Doch die Bahn steht nicht nur wegen dieser kaum beeinflussbaren Faktoren neben der Spur. Das hat die Führung im Bahn-Tower am Potsdamer Platz bereits Mitte vergangenen Jahres erkannt und reagiert, wenn auch nach Ansicht einiger Verkehrsexperten viel zu spät. Im Dezember hatten die sechs Vorstandsmitglieder bereits angekündigt, dass das Jahr 2015 schlecht ausfallen würde, und einen Plan vorgelegt, mit dem nicht nur harte Finanzdaten, sondern auch weiche Faktoren wie schwerer zu messende Kundenzufriedenheit bis zum Jahr 2020 deutlich verbessert werden sollen. Indem die Herren rund um Grube damals nicht mit Selbstkritik sparten, nahmen sie für den gestrigen Tag ein wenig Druck aus dem Kessel. Die Zahlen konnten keinen Beobachter wirklich erschrecken.

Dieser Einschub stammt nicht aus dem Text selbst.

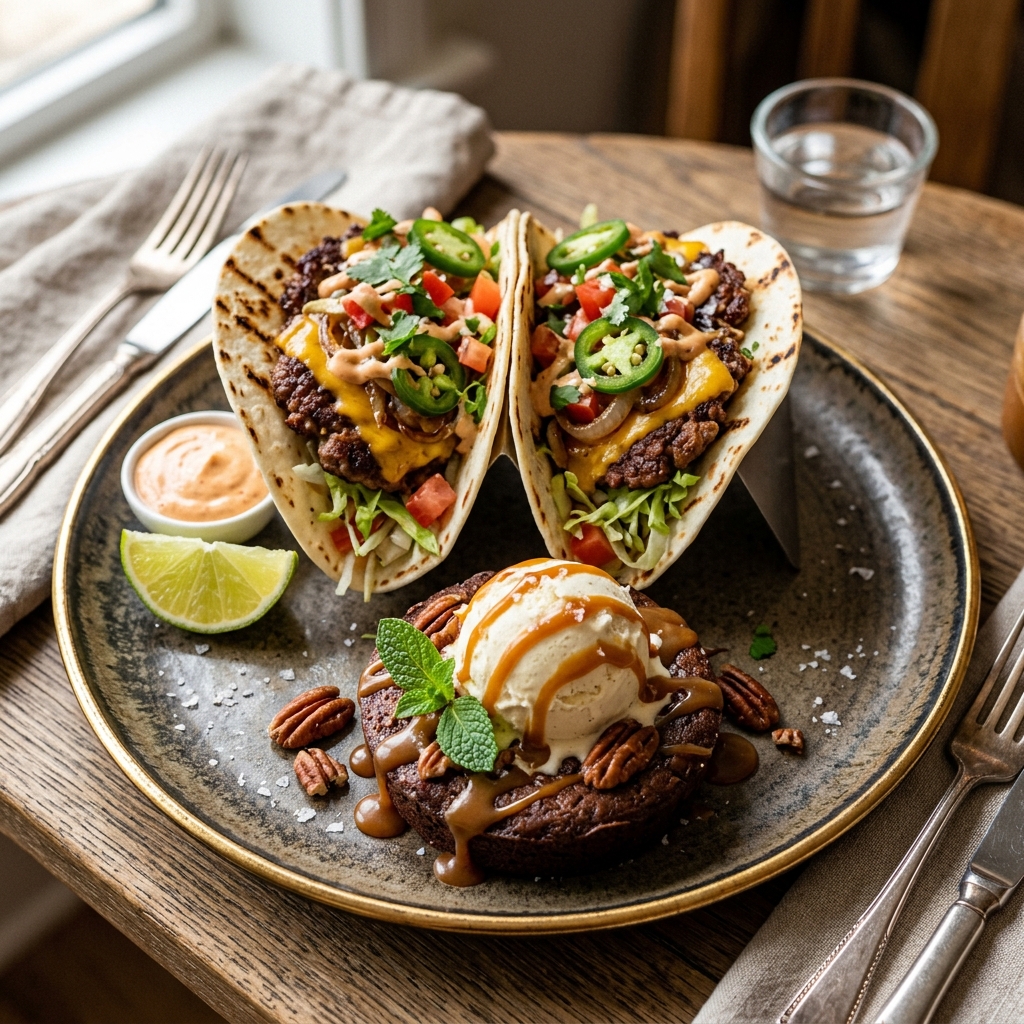 Smash Burger Tacos Caramel Dessert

Und sie sind auch nicht durchweg schlecht. So ist das Geschäft insgesamt gewachsen: Der Umsatz für alle Sparten (Schienenpersonenverkehr, Bus, Schienengüter, Spedition und Logistik sowie Infrastruktur) stieg zusammen erstmals über die 40-Milliarden-Euro-Schwelle. Speziell im Fernverkehr konnte die Bahn mehr Gäste befördern – auch wegen der Sparpreisaktionen, 19-Euro-Tickets zum Beispiel, die das Unternehmen wegen Erfolges auch in diesem Jahr wiederholen will. Vorstand Berthold Huber sagte auch, es sei „noch viel zu früh“, um über Preissteigerungen in diesem Jahr nachzudenken. Kunden seien sehr „preissensibel“, stellte er fest. „Wir tun gut daran, möglichst viele Passagiere in die Züge zu holen.“ Die für dieses Jahr angekündigte kostenlose Platzreservierung werde aber verschoben.
Worunter die Pünktlichkeit litt
Streiks und Stürme gingen 2015 auch zulasten der Pünktlichkeit der Züge. Die Quote sank im Fernverkehr von 76,5 Prozent auf 74,4 Prozent. Damit war mehr als einer von vier Zügen um fünf Minuten oder mehr verspätet. Im Regionalverkehr sank die Pünktlichkeitsquote nur leicht – von 94,4 auf 94,2 Prozent.
Um die angekündigte Pünktlichkeits- und Service-Offensive finanzieren zu können, muss die Bahn in diesem Jahr neue Schulden aufnehmen. Die Netto-Finanzschulden stiegen im Berichtszeitraum bereits kräftig um 1,3 Milliarden auf 17,5 Milliarden Euro. Ende dieses Jahres dürften gar 19 Milliarden Euro auf die Bilanz drücken. Trotzdem will das Unternehmen erneut 850 Millionen Euro Dividende an den Eigentümer, den Bund, überweisen. Damit habe man kein Problem, erklärte Finanzvorstand Richard Lutz, weil die Summe über Zuschüsse, die der Bund gewährt, direkt wieder in die vielen Infrastrukturprojekte der Bahn fließen dürften.
Ein Thema, bei dem der Vorstand gern weiter wäre, aber von Aufsichtsrat und Eigentümer offenbar gebremst wird, ist der angestrebte Teil-Börsengang der Sparten Spedition und internationaler Personenverkehr. In Großbritannien zum Beispiel ist die DB-Tochter Arriva bereits Nummer drei auf dem Markt, profitabel und weiter wachsend. Über einen Verkauf eines Minderheitsanteils an beiden Sparten könnte die Deutsche Bahn rund 4,5 Milliarden Euro erlösen, wird spekuliert. Bestätigt haben die Vorstände entsprechende Schätzungen erwartungsgemäß nicht. So oder so: Beim Jahresergebnis 2016 peile man derzeit ein Plus an – in Höhe von 0,5 Milliarden Euro.